Edinburgh “must invest in an indoor velodrome” to capitalise on Olympic cycling success, according to gold-medal winner Callum Skinner.
The 23-year-old wants to see the creation of an indoor facility in the Capital to nurture the next crop of champions to build on the success of athletes such as Laura Trott, Jason Kenny and Giles Scott.
But the city council is poised to demolish the crumbling outdoor velodrome in Meadowbank where Skinner started out and has no planned replacement as part of the sport facility’s £41.1 million re-development.
And plans for a cycling hub at Hunters Hall Park in Niddrie, the site of the Jack Kane Centre, would also be open air.
Skinner, who started training with the The Racers after he moved to Bruntsfield when he was 12, accused the city council of making the same mistake twice.
The champion, who clinched gold and silver in the men’s team sprint and men’s sprint respectively, wants to see an indoor facility which could be used all year round.
He said the city council had to follow the lead of Glasgow, which built the indoor Sir Chris Hoy Velodrome for the Commonwealth Games.
The former James Gillespie’s high school student has previously criticised the council for “lack of ambition”, describing their proposal as an “opportunity wasted”.
He said Scotland’s rainy weather would force the open-air velodrome to close in the winter, rendering it useless for aspiring track cyclists. “The proposals are flawed, and Edinburgh’s climate doesn’t suit an outdoor velodrome,” he added.
Allister Watson, secretary of The Racers where Skinner started training, wants to see the creation of a covered 200-metre indoor velodrome with smaller “feeder facilities”.
He likened the Niddrie proposals to building an outdoor swimming pool in Scotland, with the call for better cycling facilities in Edinburgh echoed on social media.
Ed Douglas @Drygyptian tweeted: “I’ll ask again: why no suitable replacement for Meadowbank velodrome, Edinburgh Council?”
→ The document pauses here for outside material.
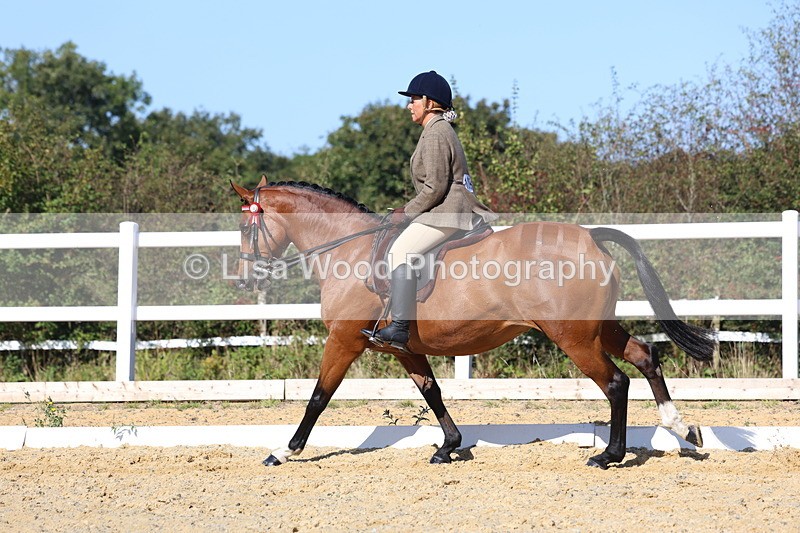 3E7A5746 - Class 10: Riding Horse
Mike Quinn@mikeqtoo wrote: “Velodrome cost: £113m, 1 mile of Edinburgh tram track cost £123m, could’ve built 10 velodromes.”
Councillor Richard Lewis, city sports leader, said that an “extraordinary number” of this year’s Team GB athletes had trained in Edinburgh facilities.
He added: “Most of the successful Olympic track cyclists started out on outdoor velodromes and we have seen other cities like York and Liverpool build outdoor facilities.
“The council has £1.215m of funding set aside for these facilities so we must be realistic in our vision, particularly considering local authority budget constraints and the considerable costs of such facilities, when fantastic national facilities for athletes can be found in Glasgow at the Sir Chris Hoy Velodrome.
“As a council we will continue to invest in sport where we can. Of course, if any philanthropic money was to come forward for investment in sport then we would certainly be in position to be more ambitious.